After passing LPGA Qualifying School in December 2008, Wie declared that she still planned to play in tournaments against men. However, for the second consecutive year, she did not receive a sponsor exemption to play in the Sony Open in Hawaii where she had played four years in a row from 2004 through 2007. Her first tournament as an LPGA member was the season-opening SBS Open at Turtle Bay where she shot 66, 70 to move into a tie with Angela Stanford going into the final round of the tournament. Wie held a three-stroke lead with eight holes remaining, but ended up losing to Stanford by three strokes.

It was reported in early March, 2009, that Wie had left the William Morris Agency, the Hollywood talent agency that had represented her since she turned pro in 2005, and would be signing with sports agency IMG.

At the second major of the year, the LPGA Championship, she finished tied for 23rd, her best finish in a major since 2006. During this tournament she also scored her first recorded hole-in-one as a professional. However, the day after her final round of the LPGA Championship, she failed to qualify for the U.S. Women's Open due to a mediocre performance at a sectional qualifying tournament.

In August, at Rich Harvest Farms golf course in Sugar Grove, Illinois, Wie was a captain's pick for the United States team in Solheim Cup competition, where she led the American squad to victory with a 3-0-1 performance, the best record on the American team.

On November 15, 2009, Wie won her first professional individual tournament, the Lorena Ochoa Invitational in Guadalajara, Mexico, an event on the LPGA Tour limited to the top 36 female golfers in the world as determined by the LPGA money list and Rolex women's world golf rankings, posting a score of thirteen under par 275 for a two-stroke margin over fellow American Paula Creamer, and beating Jiyai Shin, Cristie Kerr and Morgan Pressel by two strokes.
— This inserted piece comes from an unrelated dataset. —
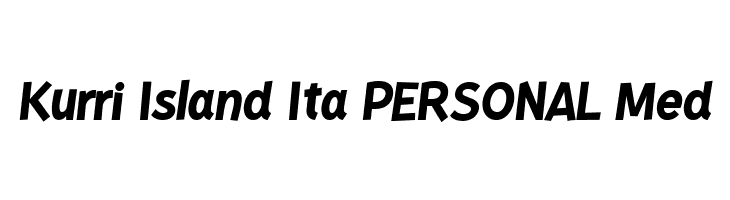 Kurri Island Ita PERSONAL Med  Free Fonts Download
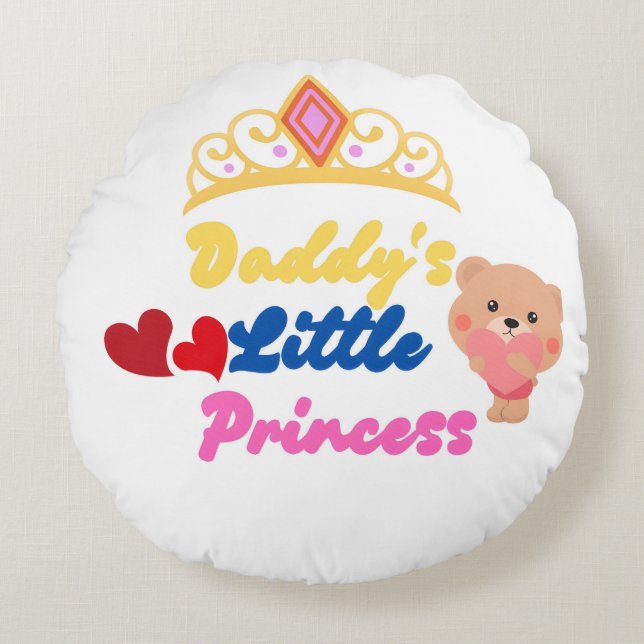 Almohada redonda, cojín redondo, diseño de almohad (Anverso)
She then finished second in the Ladies European Tour season-ending Dubai Ladies Masters tournament on December 9–12, 2009, shooting a 15-under-par 273, which put her three shots behind winner In-Kyung Kim.

On August 29, 2010, she posted a three-shot win over a full field at the CN Canadian Women's Open, held at St. Charles Country Club in Winnipeg, Manitoba, for her second career professional victory. In her next LPGA event two weeks later, she finished second in the 54-hole P&G NW Arkansas Championship shooting 201 (−12) and losing to Yani Tseng by one stroke after giving up an overnight three-stroke lead.

On April 19, 2014, Wie won her third LPGA Tour event – and her first in the United States – the LPGA Lotte Championship. She was four strokes behind Angela Stanford after 54 holes but shot a 67 to Stanford's 73 to win by two strokes.

On June 22, 2014, Wie won her fourth LPGA Tour event and first major championship, the U.S. Women's Open. She was tied for the lead with Amy Yang after 54 holes at two-under-par. She double-bogeyed the 16th hole to fall within one shot of Stacy Lewis, but birdied the next hole and parred the last hole for a final round par-70 to win by two strokes over Lewis. The win, coupled with her second-place finish in the 2014 Kraft Nabisco Championship, resulted in her winning the inaugural Rolex Annika Major Award. In 2014, she was also named one of ESPNW's Impact 25.

Wie contributed to CBS Sports' multimedia golf coverage, including the Masters, in 2020.

In May 2022, Wie West announced that she would be stepping away from the game following the 2022 U.S. Women's Open, held at Pebble Beach Golf Links on July 6–9.

=== 2026 onwards ===
On February 23, 2026, Wie West announced that she will be coming out of retirement to compete in WTGL, the women's version of the tech-infused indoor golf league that was created by Tiger Woods and Rory McIlroy.

==Controversies==
From the beginning of her public career, Michelle Wie was the subject of controversy generated by fans, media, peers, and other observers.

===Performances in men's events===
Despite the publicity her appearances garnered, Wie made only one cut in a men's tournament: at the rain-shortened 2006 SK Telecom Open on the Asian Tour. She made no cuts on the PGA Tour. After she missed the cut at the 2007 Sony Open by 14 shots, many sports critics began to doubt whether she ever would.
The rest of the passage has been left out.